In the field of meteorological remote sensing data prediction, capturing both low-frequency trends and high-frequency oscillations poses significant challenges. Conventional models often excel at long-term trend prediction but struggle with short-term oscillatory components, leading to suboptimal performance in highly dynamic atmospheric systems. To address these issues, this study proposes a two-stage framework that combines wavelet transform for signal decomposition with adaptive high- and low-frequency fusion strategies.
First, wavelet transform is utilized to decompose the meteorological data into low-frequency (trend) and high-frequency (oscillation) components. An improved Transformer-based model is then utilized to independently train the two components, effectively capturing their distinct patterns. Subsequently, the following two fusion strategies are employed to integrate the predictions: (1) Residual Prediction Fusion, which treats the high-frequency model as a residual predictor to refine the low-frequency predictions, and (2) Dynamic Weight Fusion, where a neural network dynamically learns and adjusts the weights of low-frequency and high-frequency components based on the signal's features.
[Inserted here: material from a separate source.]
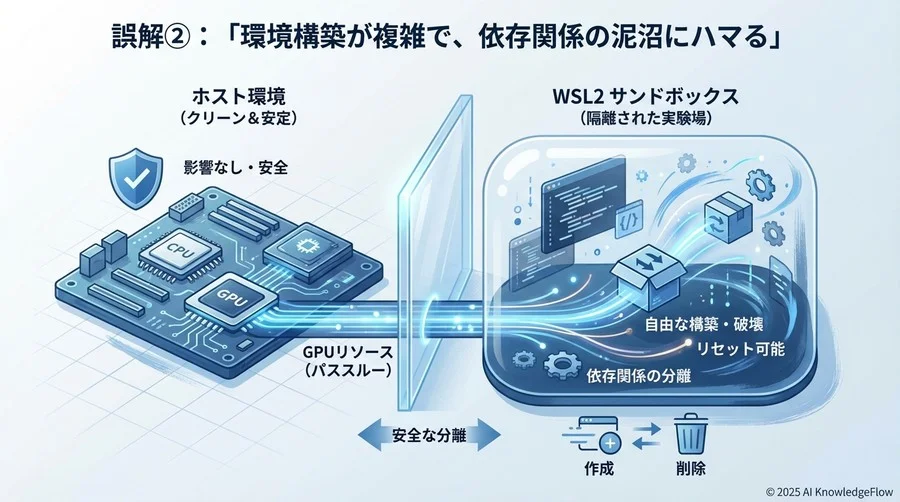 誤解②：「環境構築が複雑で、依存関係の泥沼にハマる」 - Section Image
These fusion methods aim to balance long-term trend stability with short-term variability sensitivity.
The proposed methodology is expected to enhance prediction accuracy for meteorological remote sensing datasets, such as those from the FY-4A and Himawari-8 satellites, as well as other datasets like ERA5 and Weather. Experimental results demonstrate that the proposed method achieves a 5% to 20% reduction in prediction error across different datasets, effectively capturing both chaotic and deterministic atmospheric properties. This improvement highlights the model's potential to provide more accurate short- to medium-term weather forecasting, thereby advancing the understanding of atmospheric dynamics.